_EXERCISE BRIEF_
Write out exactly, and only, the lines below from the line with "vidaXL 3-tlg. Garten-Essgruppe" through the line with "White House Black"; pictures do not belong in the copy.

_RECORDS PROVIDED_

┌──

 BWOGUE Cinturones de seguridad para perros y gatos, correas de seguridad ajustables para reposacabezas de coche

└──
┌──

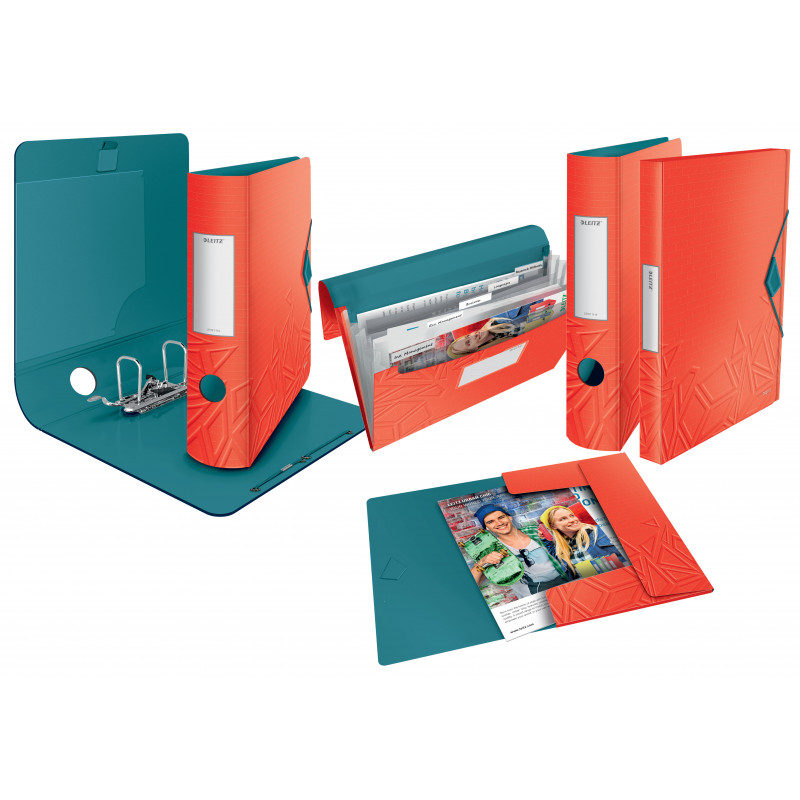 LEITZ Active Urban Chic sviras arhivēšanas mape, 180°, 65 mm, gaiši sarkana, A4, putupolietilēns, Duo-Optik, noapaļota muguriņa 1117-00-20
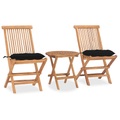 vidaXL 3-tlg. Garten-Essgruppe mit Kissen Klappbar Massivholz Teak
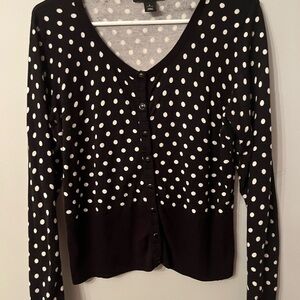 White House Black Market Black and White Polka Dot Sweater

└──
┌──

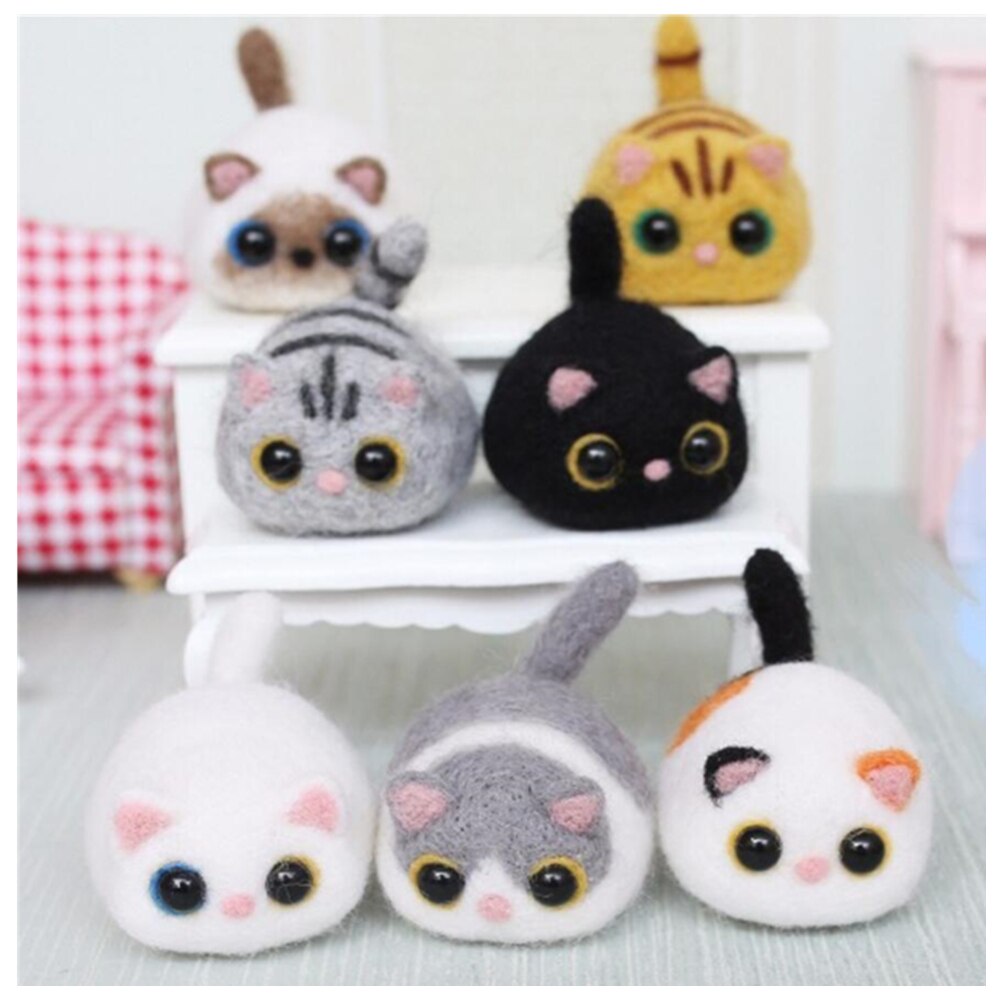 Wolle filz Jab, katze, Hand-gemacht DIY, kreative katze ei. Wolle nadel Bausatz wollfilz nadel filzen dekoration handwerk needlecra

└──

_EXERCISE RESULT_
 vidaXL 3-tlg. Garten-Essgruppe mit Kissen Klappbar Massivholz Teak
 White House Black Market Black and White Polka Dot Sweater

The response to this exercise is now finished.